… especially strange when it’s American broadcasters doing it—WTF are they thinking
Not an answer as such
That was a bad day. I had tobacco, but no rizlas. Couldn’t get a packet for love nor money as everywhere around me spontaneously shut up shop. I eventually found a crumpled one down the back of the sofa after a despairing walk round the neighbourhood looking for an open shop.
Just a reminder that some of the people calling for #respect on Twitter are members of proscribed terrorist organisations
Also
Where are all the free speech warriors now?
OMG it’s also … 9/11 today
The media are hitting Peak Performative Mourning
So it is.
I have my tv off and I haven’t been on any media sites aside from this one.
Instead I’m going to an outdoor Pride event, to support my friends and allies.

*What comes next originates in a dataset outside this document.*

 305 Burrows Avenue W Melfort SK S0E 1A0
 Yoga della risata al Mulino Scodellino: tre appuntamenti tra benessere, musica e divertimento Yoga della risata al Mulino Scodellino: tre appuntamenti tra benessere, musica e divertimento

A much more positive use of your time
What I find interesting to think about is that Liz II’s reign, in stark contrast to Liz I and Victoria, is going to be remembered (I think positively in the history books a hundred years from now) as the dissolution of the British Empire yet she remains generally beloved by her remaining subjects. I think it underlines just how much the world has changed during her life.
There is an echo chamber effect—do “we” love the Queen because the BBC has been telling us we love the Queen for seven decades?
Imagine if there was a counterpart to Fox News in the UK except instead of hating liberals, every story was about how the monarchy was evil and sick
The British media seem to be allowed to say bad things about Fergie and Andrew and Meghan Markle but not about the actual reigning monarch
History is written by the censors…
(and the BBC is one of the ways that the world changed in the last century - it would not have been possible to have that kind of media reach and control not just in Britain, but around the world - the BBC exports a lot of that Queen-love messaging around the world)
They should just have the funeral at Wembley and let everyone come, maybe have a week of sold out shows.
Or a month long residency.
Either she was the Queen of the people or not.
Um, no… it’s written by historians… If you avoid much pop history and hagiographies, there are plenty of great books on the violence of the British colonialism, from the colonization of Ireland to what’s happening today, often written by former colonial subjects themselves. The subaltern, indeed, does speak.
With a giant hologram of the Queen and her corgis…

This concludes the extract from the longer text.